Model Predictive Control in the Browser with WebAssembly

(garethx.com)

126 points | by thunderbong 2 months ago ago

18 comments

  • mjburgess 2 months ago

    I'd be interested, if any one had suggestions, on MPC applied to ML/AI systems -- it seems this is an underserved technique/concern in MLEng, and I'd expect to see more on it.

    • lagrange77 2 months ago

      There is a big overlap between Optimal Control and Reinforcement Learning, in case you didn't know.

      Also Steve Brunton does a lot on the interface between control theory and ML on his channel: https://www.youtube.com/channel/UCm5mt-A4w61lknZ9lCsZtBw/pla...

    • szvsw 2 months ago

      Another thing to keep in mind is that having AI/ML surrogates which can evaluate expensive functions faster can also be integrated as an information source in model predictive control algorithms.

      • lagrange77 2 months ago

        Exactly. ML models such as autoencoders can also be used for reduced order modeling / dimensionality reduction e.g. for MPC of fluid systems.

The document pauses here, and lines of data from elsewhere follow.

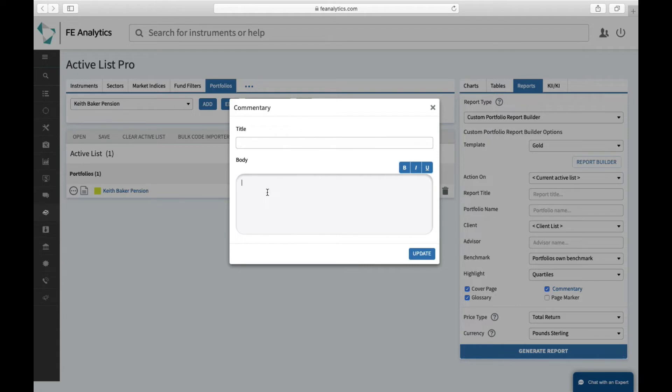And underneath the body I could put stuff like valuations, I could put money in, money out, I could put attitude to risk, profiling results, I could maybe explain what I like and dislike about the portfolio, why I'm changing it around.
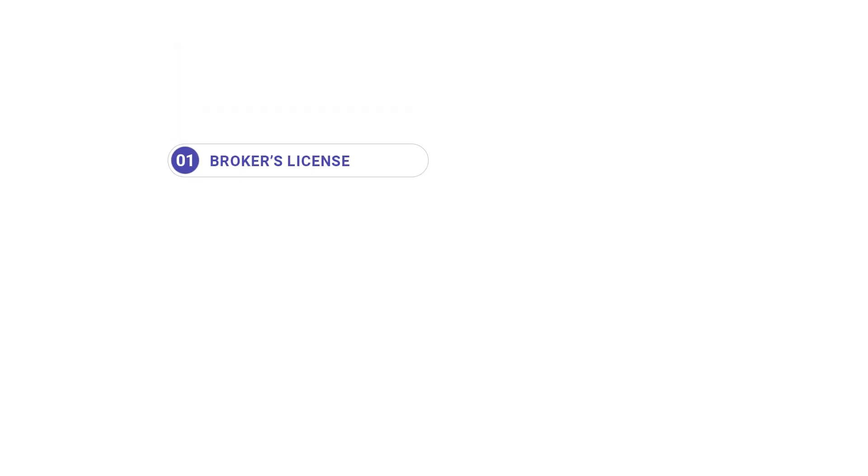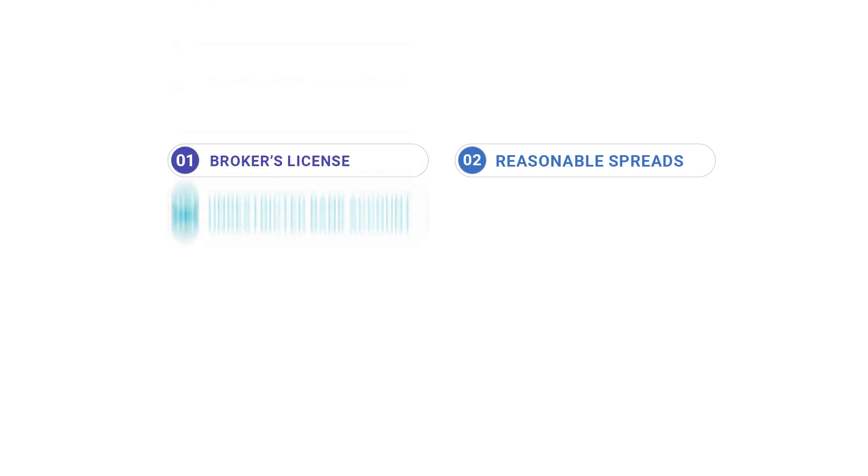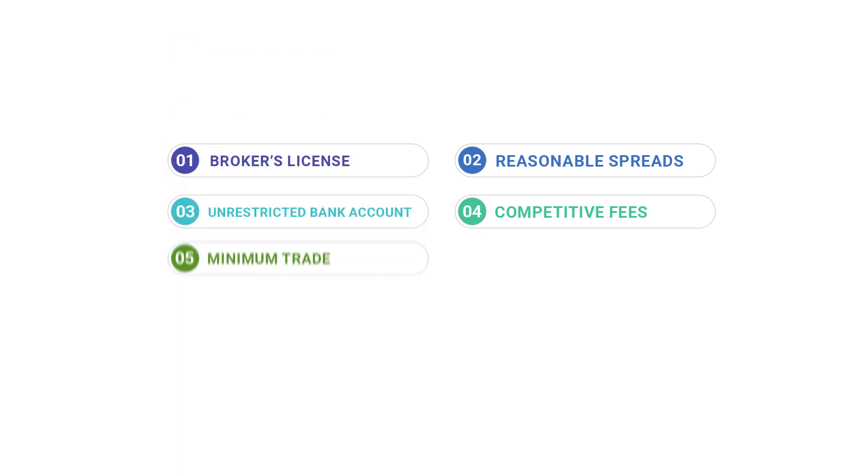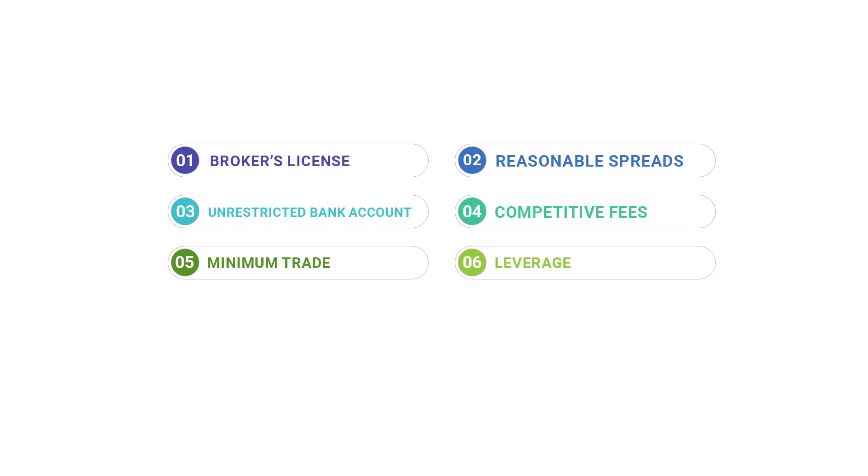Number 1: Broker's License. Number 2: Reasonable Spreads. Number 3: Unrestricted Bank Account. Number 4: Competitive Fees. Number 5: Minimum Trade. Number 6: Leverage. And Number 7: The Other Trading Features.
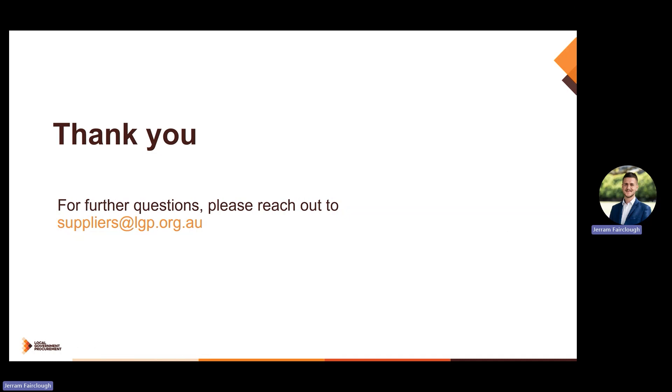This solution is now live on the LGP reporting gateway for approved contractors. Thank you for watching this tutorial and for any further questions, please reach out to suppliers at lgp.org.au.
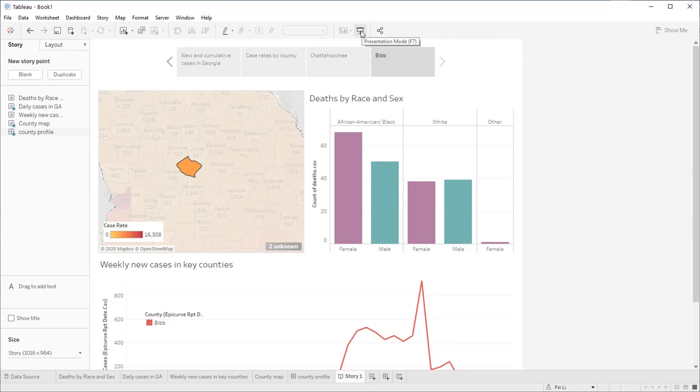If you don't have a subscription for Tableau Online, you can share your workbook using Tableau Public. With Tableau Public, your workbook will also be visible to the general public, so make sure you don't share confidential data this way.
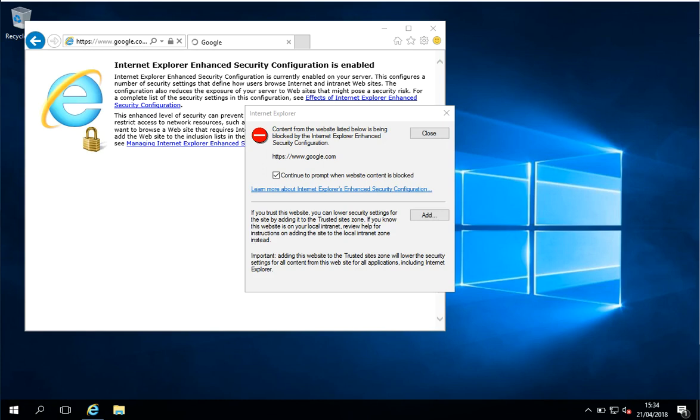Hi there, this is Darren O'Neill from Darren's Tech Tutorials and DarrenONeill.eu. In this very short video, I'm going to show you how to disable Internet Explorer Enhanced Security Configuration on Microsoft Windows Server 2016.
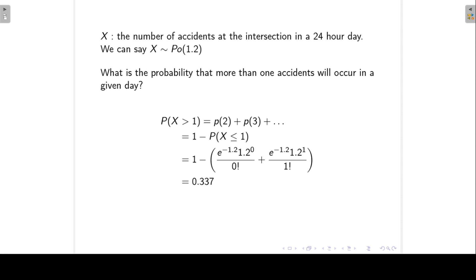We substitute into the Poisson formula with parameter mu = 1.2. First we compute the probability for x = 0, and then for x = 1, substituting accordingly. Adding those and subtracting from 1 gives a probability of 0.337.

    • currymj 2 months ago

      there's a lot of work in the broad area. most of it doesn't engage with the classical control theory literature (arguably it should).

      some keywords to search for recent hot research would be "world model", "decision transformer", "active inference", "control as inference", "model-based RL".

  • gxcode 2 months ago

    Author of the post here - happy to answer any questions.

    • beltranaceves 2 months ago

      Great job! I'm working in a similar blog post and it was fun seeing how you approached it. I was surprised the wasm implementation is fast enough, I was even considering writing webGpu compute shaders for my solver

    • exe34 2 months ago

      hi, this is brilliant, thank you! I will definitely go through it soon.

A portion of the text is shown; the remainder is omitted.